● **Work request**:
Nothing in the copy should be a picture; everything else in the listing is to be restated exactly.

● **Input data**:

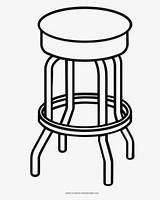 Stool Duck sketch template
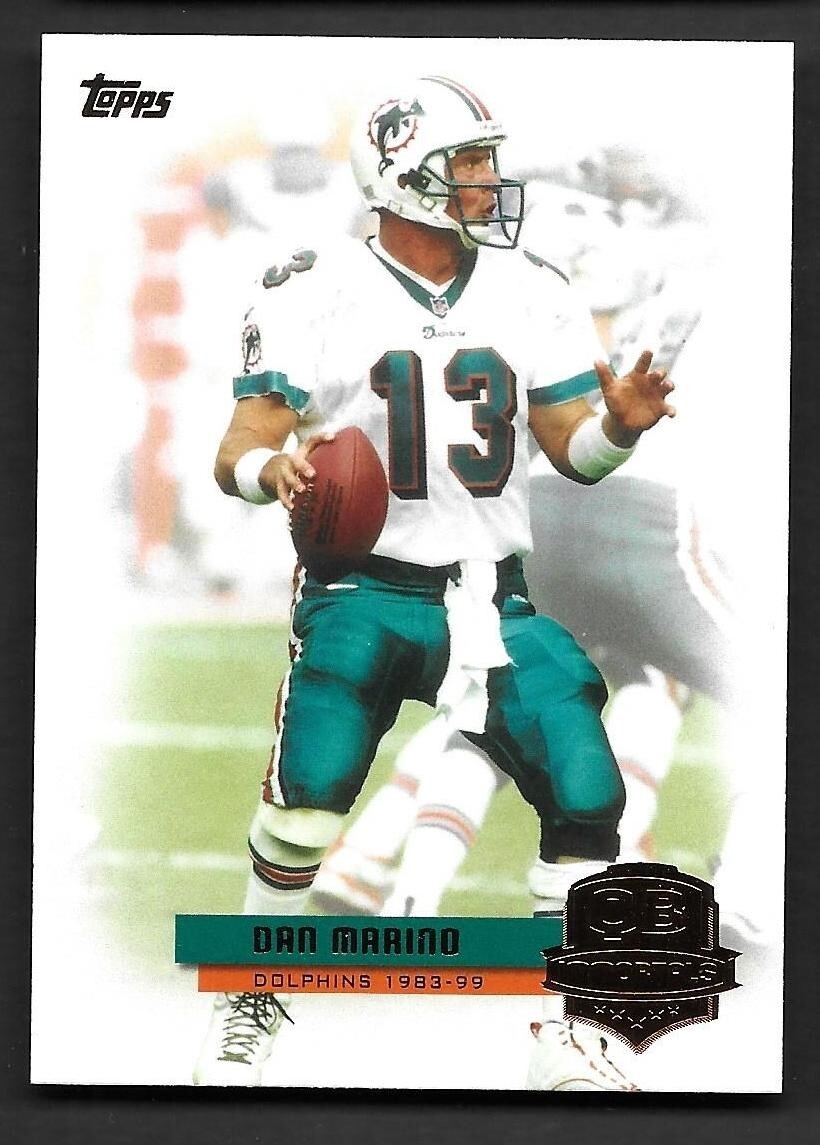 2012 Topps QB Immortals #QIDM Dan Marino Miami Dolphins HOF | eBay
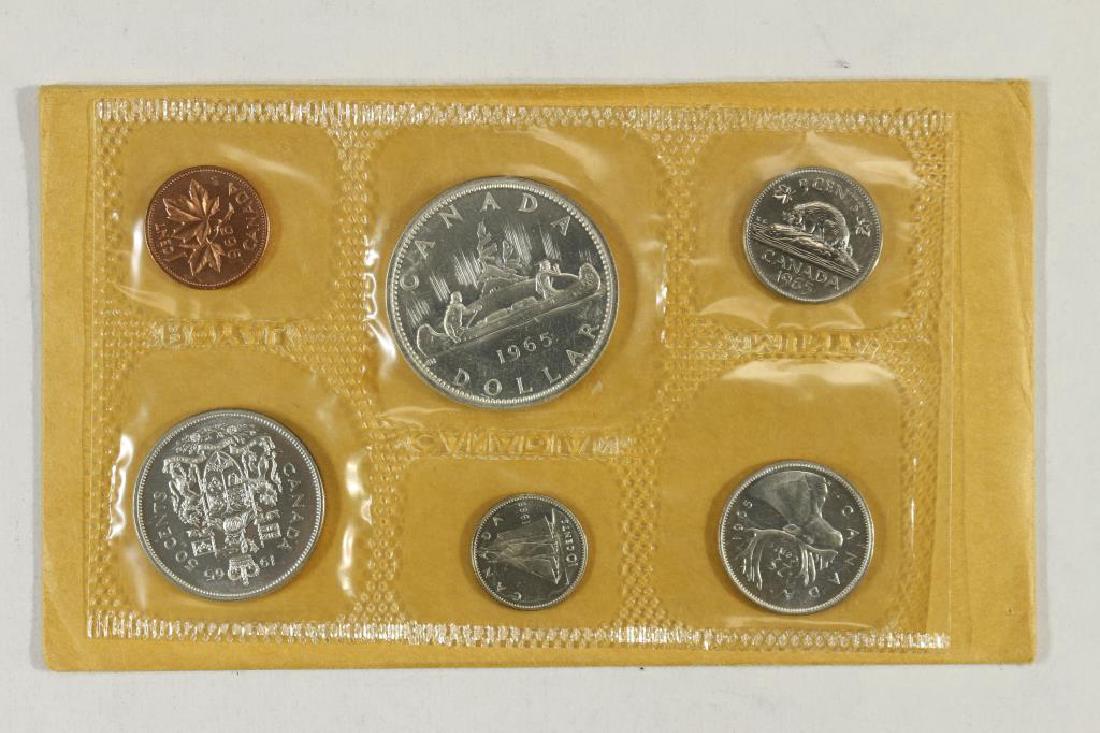 1965 CANADA SILVER (PF LIKE) SET WITH ENVELOPE (1 of 2)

● **Exercise answer**:
 Stool Duck sketch template
 2012 Topps QB Immortals #QIDM Dan Marino Miami Dolphins HOF | eBay
 1965 CANADA SILVER (PF LIKE) SET WITH ENVELOPE (1 of 2)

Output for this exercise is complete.